Les derniers moments du légendaire analyste de baseball Rodger Brulotte, emporté par le cancer, ont été partagés de près par l’Agathois Daniel Desjardins, qui a veillé à son chevet au Centre hospitalier de l’Université de Montréal (CHUM).

Le directeur général de la Fondation médicale des Laurentides et des Pays-d’en-Haut alternait ses présences nocturnes auprès du chroniqueur, pour laisser un peu de répit à son épouse, Pascale Vallée.

« Je l’ai assisté lors des derniers mois de sa vie et cela a un peu libéré Pascale. Mon amitié avec Rodger remonte à 14 ans et nous nous sommes beaucoup rapprochés depuis l’époque de la Chambre de commerce. Il a été président d’honneur de l’événement Lumières sur le lac. J’ai accepté de le veiller, mais ça me rappelait mon père, le seul autre que j’ai accompagné dans le dernier droit. Rodger m’a tellement apporté : c’est le grand frère que je n’ai jamais eu », a-t-il commenté.

Desjardins a particulièrement été touché par la ténacité de l’analyste baseball.

« Aux soins palliatifs, il nous a demandé de serrer nos mains ensemble et d’entonner sa chanson fétiche, My way, de Frank Sinatra. Je lui ai dit que je ne savais pas chanter. Il a trouvé le moyen de m’embarquer en faisant sortir les paroles d’un karaoké sur un cellulaire. Il avait les larmes aux yeux et tous suivaient sa faible voix, mais encore audible. Et pour finir, il m’a sorti son sourire taquin en coin, en me disant que je n’étais pas si pire que ça. C’était bien Rodger : toujours se préoccuper des autres avant son propre sort », s’est-il rappelé.

 

 

 

 

 

Sans malice

L’implication de Rodger Brulotte dans les causes communautaires demeure légion. Il ajoutait son grain de sel humoristique à toutes ses présences, mais jamais négativement.
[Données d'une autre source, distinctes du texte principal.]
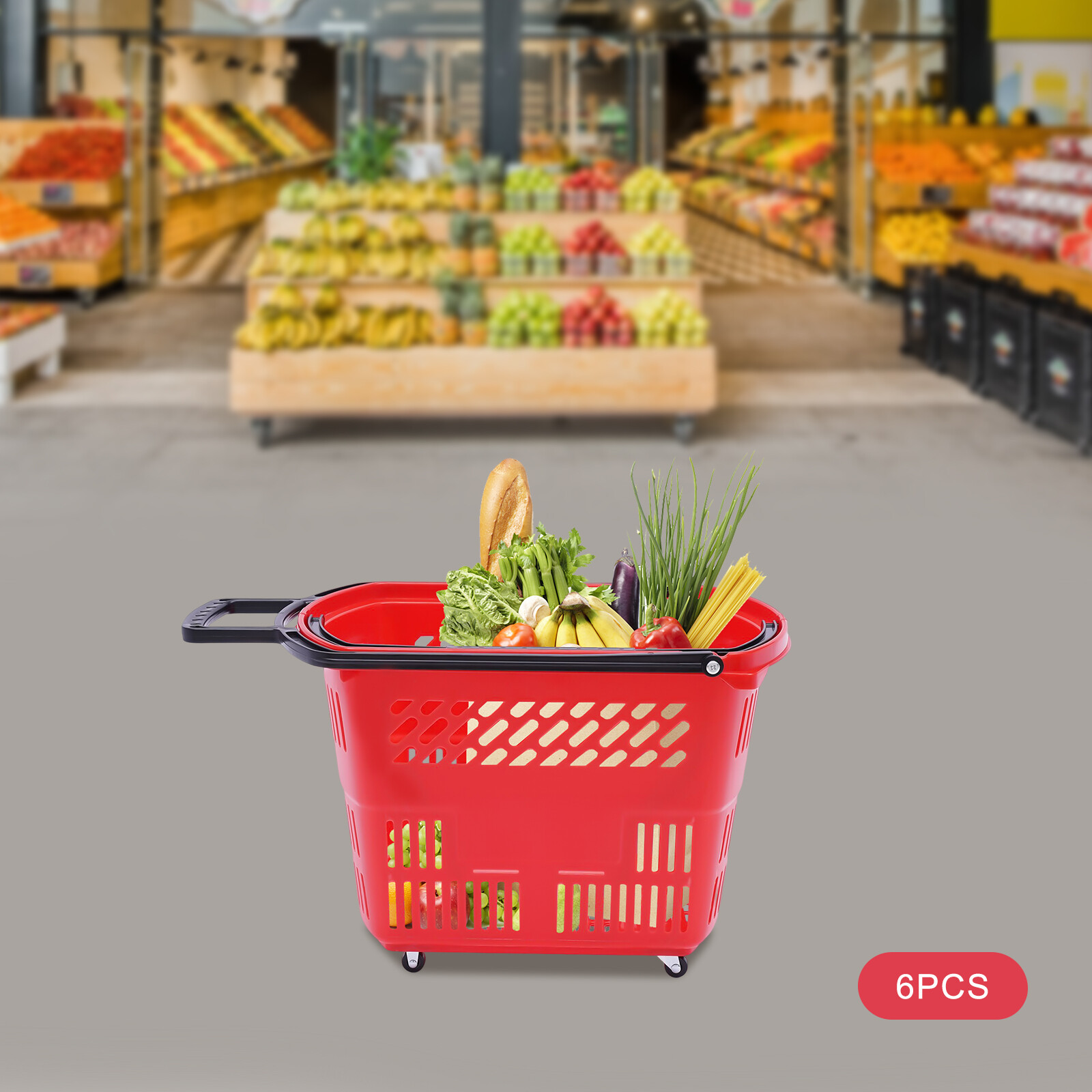 6Pcs Red Rolling Shopping Basket Plastic Rolling Shopping Carts with Handle 35L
« Rodger répétait que si quelqu’un te fait du tort, inutile de lui tomber dans la face. Une voix basse et grave a plus d’impact en privé. Qu’il faut toujours se garder des portes ouvertes. Peu importe la cause qu’il endossait, il demeurait un solide ambassadeur, toujours prêt à aider. Par exemple, pour acquérir, installer un appareil d’imagerie par résonance magnétique (IRM) et procéder à l’agrandissement à l’Hôpital de Sainte-Agathe, on a démarré une campagne de financement de 6 M$. Il a composé un numéro et a jasé avec des gens. Dix minutes plus tard, j’apprenais que la Fondation Mirella et Lino Saputo venait de faire un don de 750 000 $ à notre cause avec une option additionnelle de 250 000 $ au besoin. Il était incroyablement généreux pour les gens et les jeunes », a-t-il renchéri.